Sources say administration waiting until after general elections and coalition negotiations to release long-awaited proposal

Tamar Pileggi is a breaking news editor at The Times of Israel.

US President Donald Trump's senior adviser and son-in-law Jared Kushner, right, meets with Prime Minister Benjamin Netanyahu at the Prime Minister’s Office in Jerusalem, on June 22, 2018. (Matty Stern/US Embassy Jerusalem/Flash90)
US President Donald Trump's senior adviser and son-in-law Jared Kushner, right, meets with Prime Minister Benjamin Netanyahu at the Prime Minister’s Office in Jerusalem, on June 22, 2018. (Matty Stern/US Embassy Jerusalem/Flash90)

US President Donald Trump’s Mideast peace plan will be unveiled by mid-June, White House sources told Channel 13 news on Monday, though an exact date has yet to be set.

The date will depend on a number of factors, including the outcome of Israel’s general elections, and the next prime minister’s progress in forming a governing coalition, the report said.

It said the White House was also taking into account national holidays, and Jewish and Muslim religious festivals, in choosing a date.

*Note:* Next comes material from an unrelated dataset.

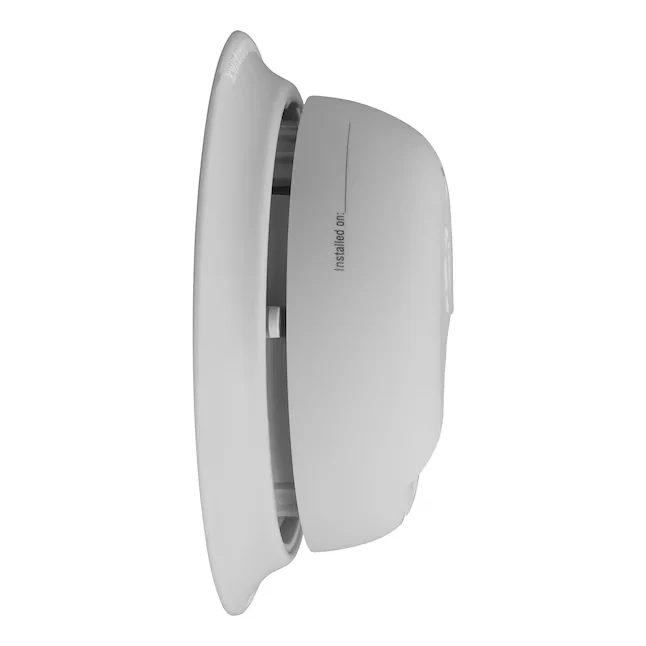 First Alert BRK 10-Year Battery-operated Ionization Combination Smoke and Carbonvezel Monoxide Detector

Earlier on Monday, Blue and White party chief Benny Gantz said that if he wins Tuesday’s election, he expects the Trump administration to delay the release of its peace plan until after he forms a government.

“I expect the American administration to see that I won the election, and to hold off with their plans until I can form a government,” Gantz told the Walla news site in an interview. “After that, we can sit down and discuss the plan in an organized and orderly way.”

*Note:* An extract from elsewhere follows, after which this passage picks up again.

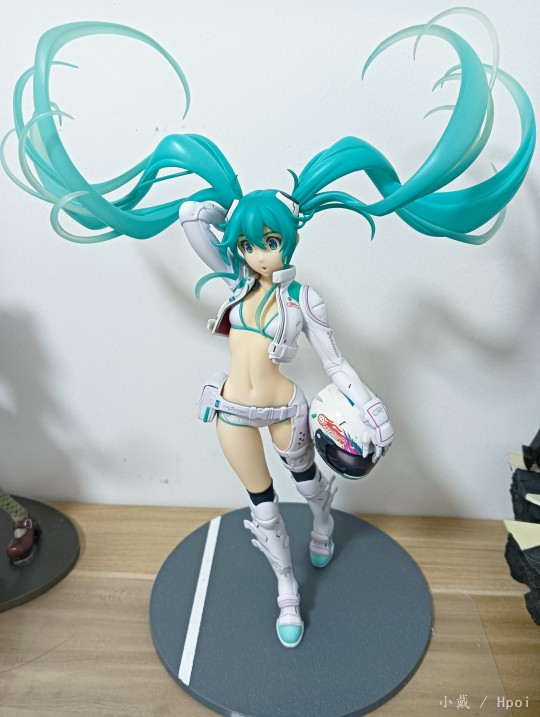 这身材曲线，每次都看不腻🥴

He promised to seriously consider whatever the US proposed for the region, and said he hoped the White House had not already given Prime Minister Benjamin Netanyahu details of the plan that has been in the works for two years.

Washington had promised to unveil its long-promised proposal sometime after Tuesday’s election, in which Netanyahu is seeking a fifth term.

Netanyahu, running for re-election while facing the possibility of indictment on corruption charges, has cited his close relationship with Trump to underline his experience as a statesman with personal ties to world leaders.

In the run-up to Tuesday’s vote, the prime minister has hosted US Secretary of State Mike Pompeo, visited Trump in the White House, and received both American recognition of Israeli sovereignty over the Golan Heights and, on Monday, a US designation of Iran’s Revolutionary Guard Corps as a terror organization.

Last week, Netanyahu said he had informed Trump that not “even one person” would be evicted from a settlement under any US peace plan. At the weekend, he said he would gradually apply Israeli sovereignty at all West Bank settlements, and hoped to be able to do so with US support.

On Saturday, Trump struck a cautious tone about the outcome of Tuesday’s vote, saying the “close” race for the premiership was between “two good people.”

The latest polls place Netanyahu and Gantz neck-and-neck, but give the former the advantage in his ability to form a coalition government.